Your task is to repeat the entries exactly from their first line through the line with "Kardamom getestet: Kardamom-Packung", and to stop there.
━━━ Given records ━━━
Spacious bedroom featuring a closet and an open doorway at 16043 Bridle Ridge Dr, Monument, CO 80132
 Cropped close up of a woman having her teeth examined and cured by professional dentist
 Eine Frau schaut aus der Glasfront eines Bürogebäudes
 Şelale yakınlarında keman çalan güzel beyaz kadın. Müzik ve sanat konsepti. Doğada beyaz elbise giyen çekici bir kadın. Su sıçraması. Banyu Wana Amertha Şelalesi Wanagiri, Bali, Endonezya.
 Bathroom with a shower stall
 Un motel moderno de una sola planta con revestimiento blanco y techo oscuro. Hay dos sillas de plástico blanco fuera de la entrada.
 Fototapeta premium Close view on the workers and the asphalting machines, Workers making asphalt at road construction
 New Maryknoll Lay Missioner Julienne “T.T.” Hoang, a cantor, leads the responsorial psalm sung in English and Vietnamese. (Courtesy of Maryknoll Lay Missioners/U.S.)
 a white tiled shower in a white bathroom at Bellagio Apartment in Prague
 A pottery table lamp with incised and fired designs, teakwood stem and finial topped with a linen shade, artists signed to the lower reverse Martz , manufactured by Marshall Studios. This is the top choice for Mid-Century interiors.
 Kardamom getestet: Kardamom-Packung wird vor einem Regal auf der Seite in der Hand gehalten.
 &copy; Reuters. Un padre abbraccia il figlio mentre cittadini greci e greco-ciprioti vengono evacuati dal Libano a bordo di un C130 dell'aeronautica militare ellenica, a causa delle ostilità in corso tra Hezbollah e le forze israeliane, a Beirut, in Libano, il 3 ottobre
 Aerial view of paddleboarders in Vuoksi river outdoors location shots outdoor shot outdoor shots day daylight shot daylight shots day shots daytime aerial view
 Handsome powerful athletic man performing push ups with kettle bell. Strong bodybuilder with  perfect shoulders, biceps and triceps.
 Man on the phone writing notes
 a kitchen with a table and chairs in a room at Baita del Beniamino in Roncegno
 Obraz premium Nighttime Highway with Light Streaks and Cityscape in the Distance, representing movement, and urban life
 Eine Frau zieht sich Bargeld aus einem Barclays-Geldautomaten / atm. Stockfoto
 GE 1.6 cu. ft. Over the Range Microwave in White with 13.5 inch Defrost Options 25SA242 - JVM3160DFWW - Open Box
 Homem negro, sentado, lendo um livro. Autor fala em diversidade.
━━━
## The answer
Spacious bedroom featuring a closet and an open doorway at 16043 Bridle Ridge Dr, Monument, CO 80132
 Cropped close up of a woman having her teeth examined and cured by professional dentist
 Eine Frau schaut aus der Glasfront eines Bürogebäudes
 Şelale yakınlarında keman çalan güzel beyaz kadın. Müzik ve sanat konsepti. Doğada beyaz elbise giyen çekici bir kadın. Su sıçraması. Banyu Wana Amertha Şelalesi Wanagiri, Bali, Endonezya.
 Bathroom with a shower stall
 Un motel moderno de una sola planta con revestimiento blanco y techo oscuro. Hay dos sillas de plástico blanco fuera de la entrada.
 Fototapeta premium Close view on the workers and the asphalting machines, Workers making asphalt at road construction
 New Maryknoll Lay Missioner Julienne “T.T.” Hoang, a cantor, leads the responsorial psalm sung in English and Vietnamese. (Courtesy of Maryknoll Lay Missioners/U.S.)
 a white tiled shower in a white bathroom at Bellagio Apartment in Prague
 A pottery table lamp with incised and fired designs, teakwood stem and finial topped with a linen shade, artists signed to the lower reverse Martz , manufactured by Marshall Studios. This is the top choice for Mid-Century interiors.
 Kardamom getestet: Kardamom-Packung wird vor einem Regal auf der Seite in der Hand gehalten.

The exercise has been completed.